Migdal effect and photon Bremsstrahlung: improving the sensitivity to light dark matter of liquid argon experiments

TL;DR

This paper explores how Migdal electrons and Bremsstrahlung photons can enhance liquid argon detectors' sensitivity to light dark matter particles down to 0.1 GeV/c^2, using Bayesian analysis and simulations inspired by DarkSide-50.

Contribution

It introduces a Bayesian method to incorporate Migdal and Bremsstrahlung effects, extending dark matter search sensitivity to lower masses in liquid argon detectors.

Findings

Migdal and Bremsstrahlung effects can significantly improve sensitivity.

Sensitivity can reach down to 0.1 GeV/c^2 dark matter mass.
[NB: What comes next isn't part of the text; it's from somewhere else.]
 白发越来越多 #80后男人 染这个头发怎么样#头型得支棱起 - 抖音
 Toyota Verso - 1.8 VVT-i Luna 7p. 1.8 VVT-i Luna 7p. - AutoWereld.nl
Earth shielding impacts detection of strongly interacting dark matter.

Abstract

The search for dark matter weakly interacting massive particles with noble liquids has probed masses down and below a GeV/c^2. The ultimate limit is represented by the experimental threshold on the energy transfer to the nuclear recoil. Currently, the experimental sensitivity has reached a threshold equivalent to a few ionization electrons. In these conditions, the contribution of a Bremsstrahlung photon or a so-called Migdal electron due to the sudden acceleration of a nucleus after a collision might be sizable. In the present work, we use a Bayesian approach to study how these effects can be exploited in experiments based on liquid argon detectors. In particular, taking inspiration from the DarkSide-50 public spectra, we develop a simulated experiment to show how the Migdal electron and the Bremsstrahlung photon allow to push the experimental sensitivity down to masses of 0.1 GeV/c^2, extending the search region for dark matter particles of previous results. For these masses we estimate the effect of the Earth shielding that, for strongly interacting dark matter, makes any detector blind. Finally, we show how the sensitivity scales for higher exposure.